● **TASK**
Every record that follows must be duplicated exactly, with images left out.

**** DATA TO USE ****

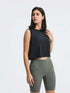 Model wearing Millennia Round Neck Cropped Active Tank in black, paired with green workout shorts.
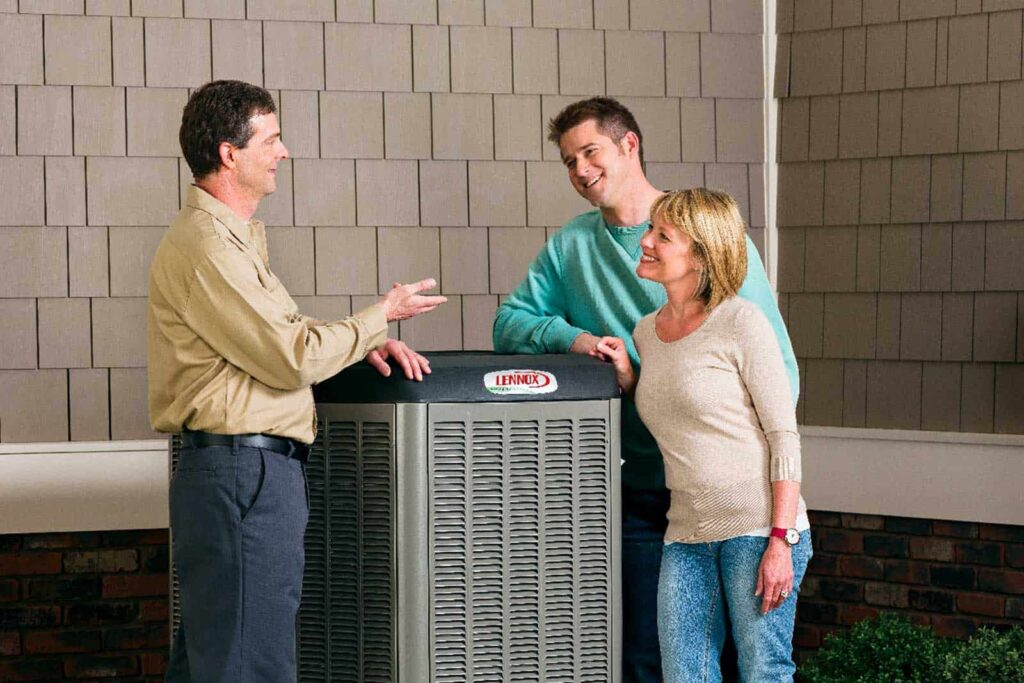 Three people stand around a Lennox air conditioning unit, engaging in conversation, outside a house with brown siding and brick accents.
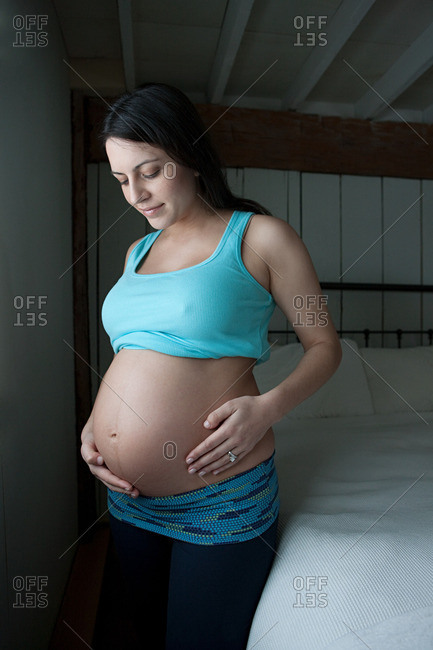 Woman showing pregnancy bump - Offset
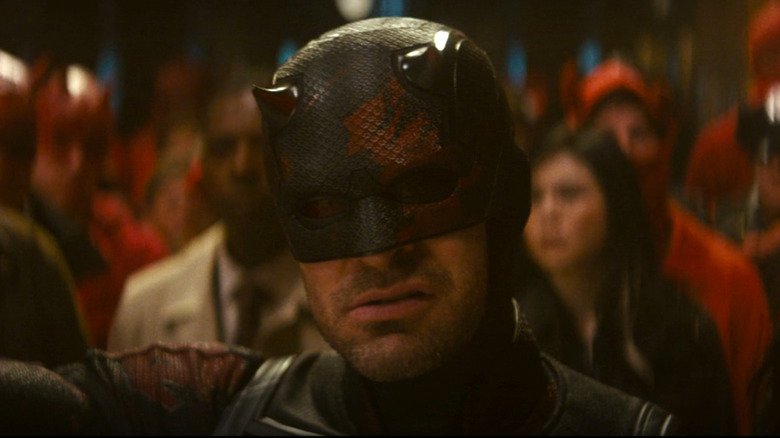 Charlie Cox as Daredevil in the black costume, with scratches revealing the red underneath.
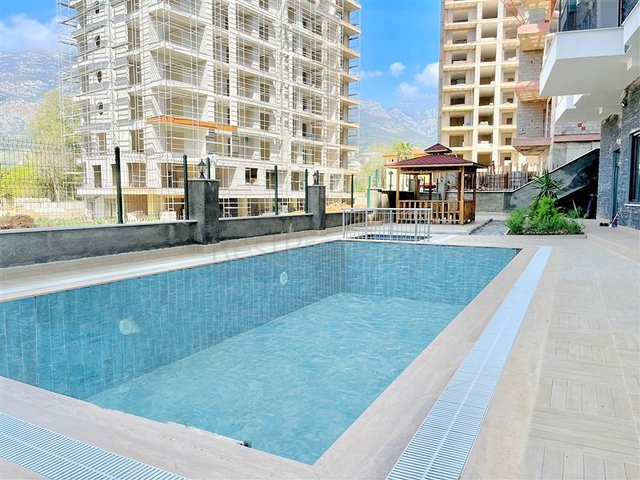 شقة 1+1 للبيع في حي محمودلار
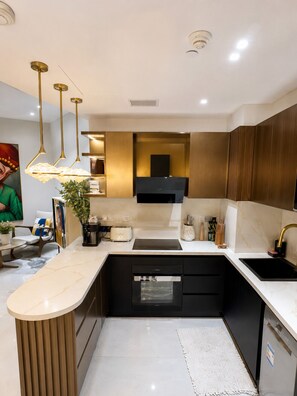 A modern kitchen with a central island, built-in appliances, and pendant lighting.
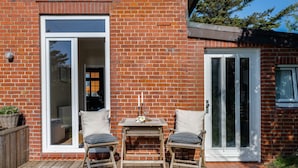 Ein Ziegelhaus mit einer Holzdachterrasse, zwei Klappstühlen, einem Tisch und einer Tür mit Glasfeldern.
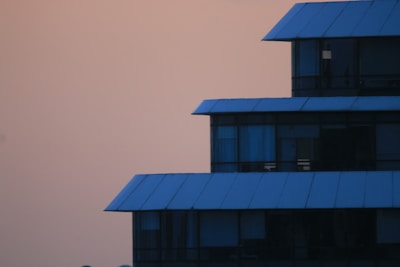 The modern Primaya hospital building glowing softly at dusk in Depok.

****

● **EXERCISE RESULT**
 Model wearing Millennia Round Neck Cropped Active Tank in black, paired with green workout shorts.
 Three people stand around a Lennox air conditioning unit, engaging in conversation, outside a house with brown siding and brick accents.
 Woman showing pregnancy bump - Offset
 Charlie Cox as Daredevil in the black costume, with scratches revealing the red underneath.
 شقة 1+1 للبيع في حي محمودلار
 A modern kitchen with a central island, built-in appliances, and pendant lighting.
 Ein Ziegelhaus mit einer Holzdachterrasse, zwei Klappstühlen, einem Tisch und einer Tür mit Glasfeldern.
 The modern Primaya hospital building glowing softly at dusk in Depok.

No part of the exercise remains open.